Sorridono i macellatori...

Come è naturale nelle dinamiche di filiera, la stessa diminuzione delle quotazioni del suino pesante ha abbassato i costi, e alzato la redditività, della fase di macellazione. A marzo l’indice Crefis segna +9,2% rispetto a febbraio, il salto più elevato dal luglio 2010 a oggi. Anche a livello tendenziale l’indice è positivo: +7,1% rispetto a marzo 2012. Redditività della macellazione in aumento nonostante il mercato delle cosce non sia stato positivo: secondo i rilevamenti Cun-tagli, sia le quotazioni delle cosce leggere che pesanti destinate a prosciutti Dop sono scese a marzo dello 0,7% rispetto al mese precedente. Un poco più lievi le diminuzioni delle cosce per prosciutti non tutelati: -0,3% coscia leggera e -0,4% coscia pesante.

 

...e gli stagionatori

A valle della filiera, nella fase di stagionatura, la redditività dei prosciutti stagionati tutelati è stata a marzo più elevata rispetto a quella dei prosciutti generici, dopo che per qualche mese si era registrato il contrario. Un miglioramento avvenuto però a scapito dell’attività di stagionatura delle cosce non Dop.
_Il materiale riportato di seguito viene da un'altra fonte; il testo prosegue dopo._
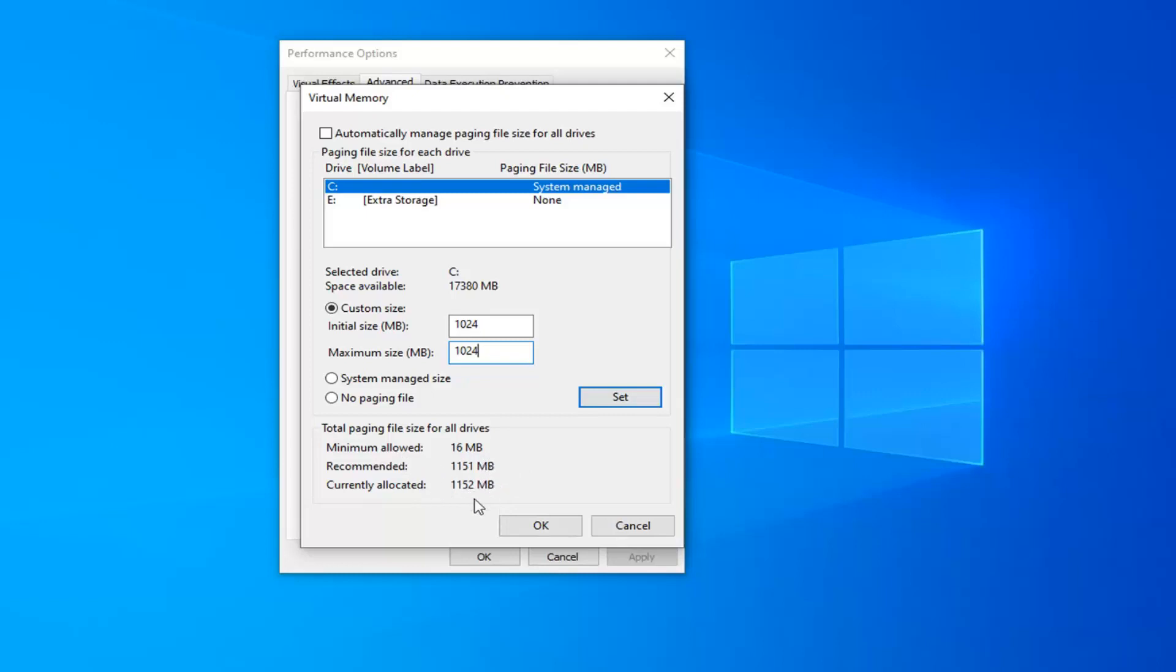It doesn't have to be this necessarily. It's just a matter of how much benefit you're getting after a certain point. If you ever want to go back to letting your computer manage it, you can just check the box up here to automatically manage paging file size for all drives.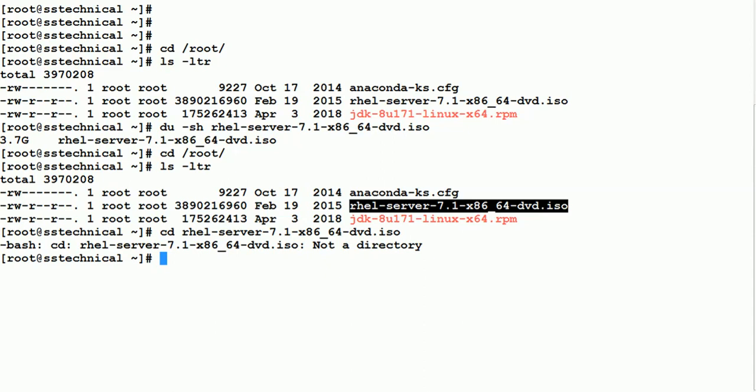The next thing we have to do after mounting is create the repository. We'll name it as a local repository, and there are a few parameters we have to add inside that file. This configuration resides inside /etc/yum.repos.d, so let's take a deep dive and do this.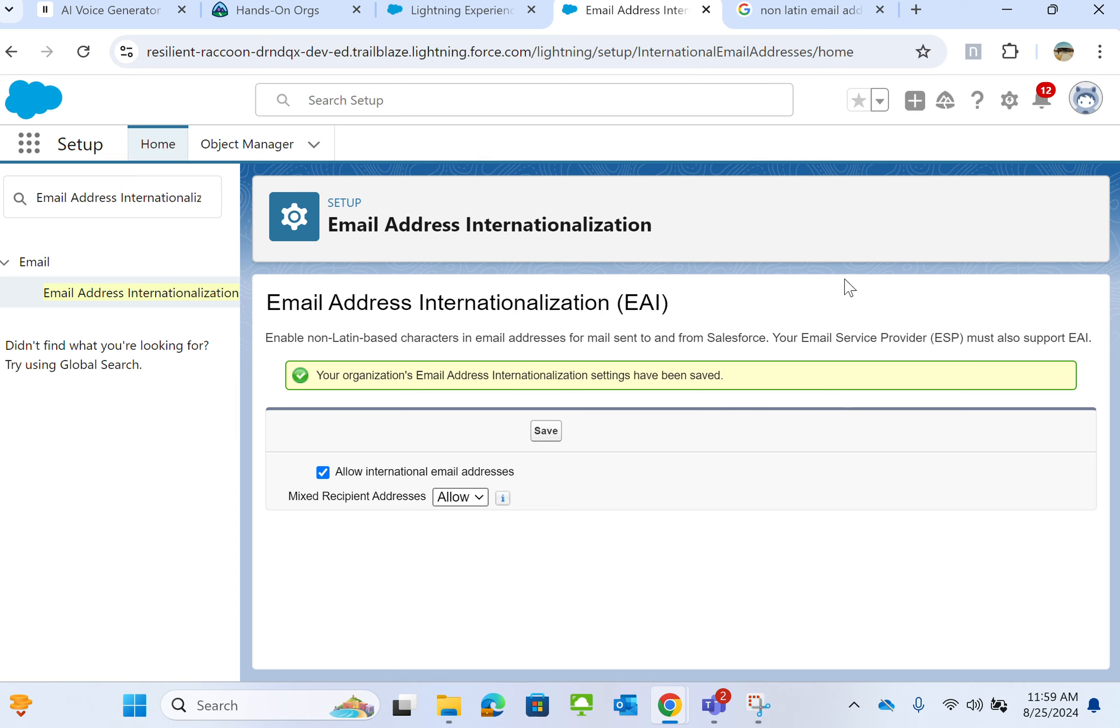That's out of the scope of this Salesforce discussion. This is where you configure enabling internationalization of email addresses.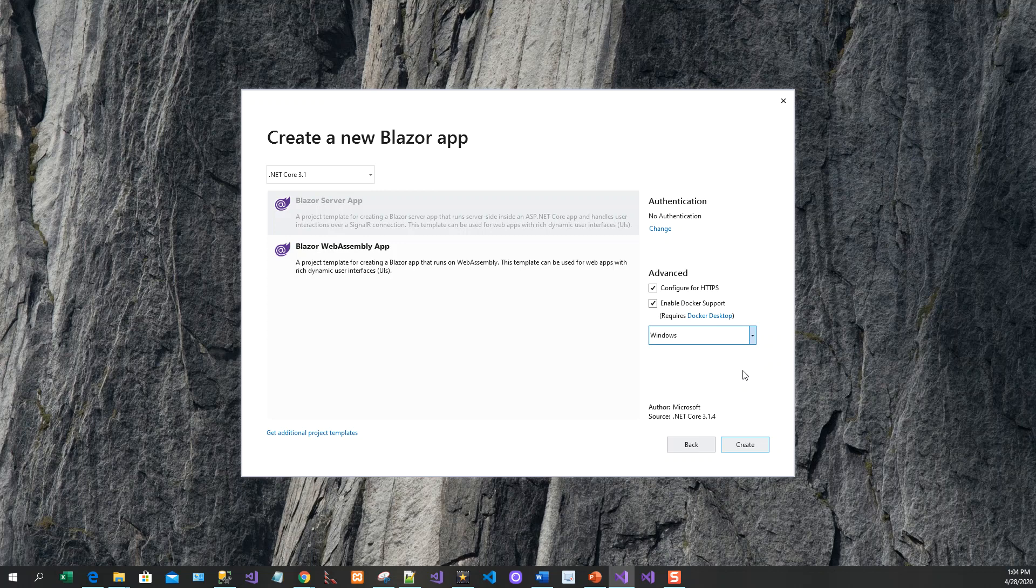Another thing is that if you forget to enable Docker support here, you can still enable it at a later stage once inside the project. Once when the project is created, I will show you again how you could add Docker support.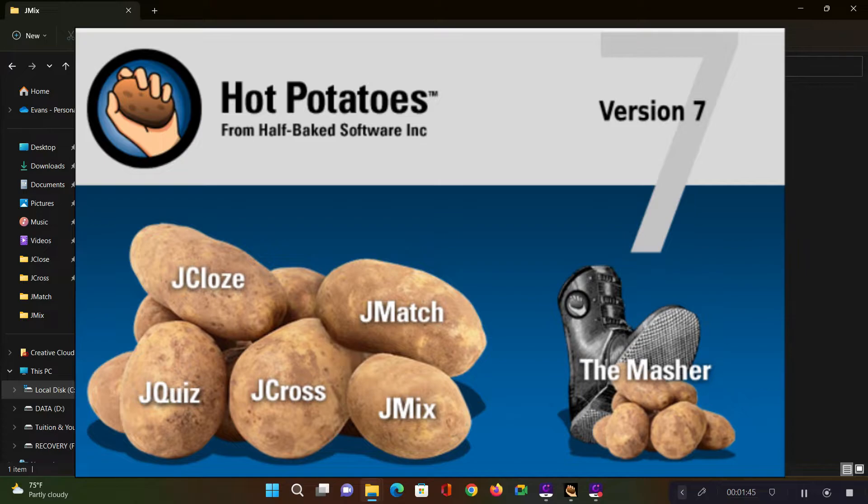Hello, welcome to this video. In this video, I'm going to continue looking at the applications in the Hot Potatoes suite. We are looking at JMix this time.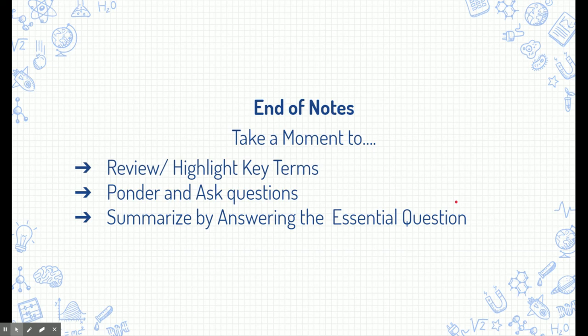Finally, do you remember that essential question we started with? By now you should be able to answer it with some detail and examples. At the very bottom of your page, write a summary answer to the essential question with some detail. Good luck, guys.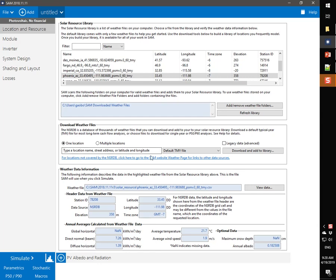I will start by typing a location name under Download Weather Files. I could also type a street address or a latitude-longitude pair.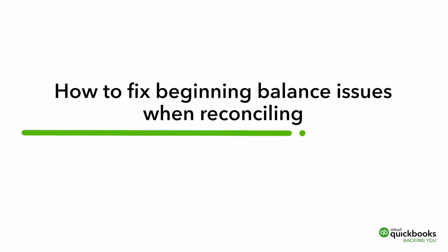In this video, we show you how to fix beginning balance issues when reconciling in QuickBooks Online.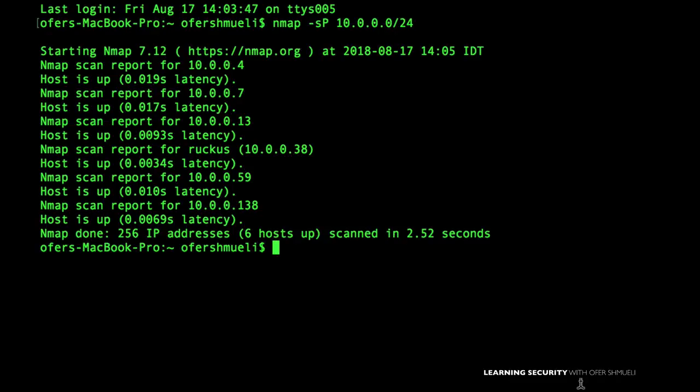It checks to see if the TCP packet with the ACK flag set is part of an established connection. If not, it will drop it. The only way around this is to customize our TCP ping — that's covered in the next lecture.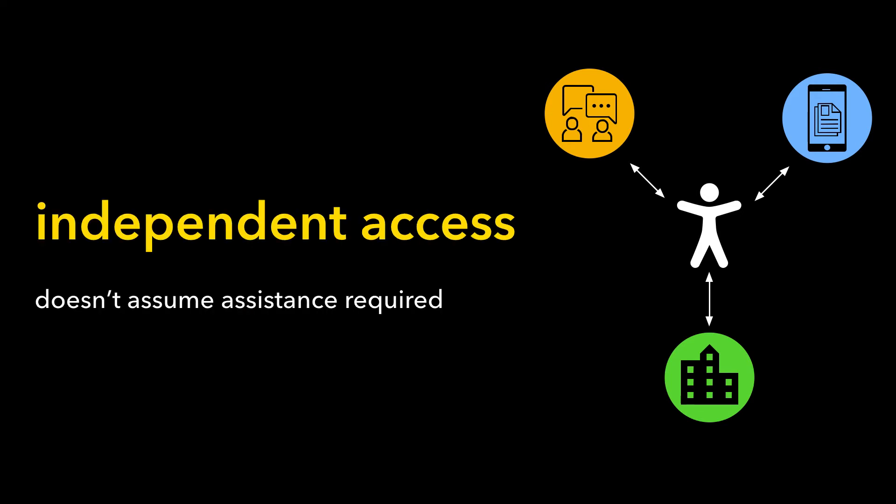This involves providing independent access where it doesn't assume assistance is required.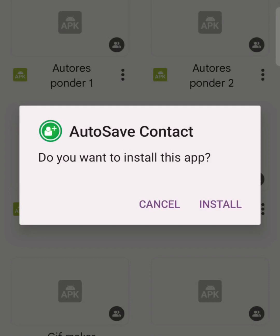Welcome to this training. I want to show you how you can automatically save contacts without having to do it manually. For example, if you are driving lots of traffic to your WhatsApp and the numbers are multiplying every day, you wouldn't want to go through the stress of saving them manually — it takes a lot of time and energy. When you have this app, it does it for you.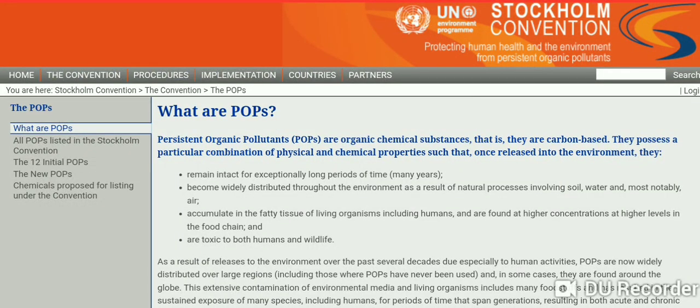Friends, welcome to my YouTube channel. In this video today we are going to talk about a very interesting topic: persistent organic pollutants, also known as POPs. So let us know what persistent organic pollutants are.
Se infatti l’indice Crefis relativo ai prosciutti a denominazione di origine protetta segnala a marzo una redditività invariata rispetto a febbraio, per i prodotti non tutelati si registra un -4,1% (tipo leggero).
In ogni caso, la redditività dei prosciutti Dop rimane su livelli fortemente inferiori rispetto allo scorso anno (-17,5%); mentre quella dei prosciutti non tipici continua a essere superiore rispetto a marzo 2012 (+6.9%).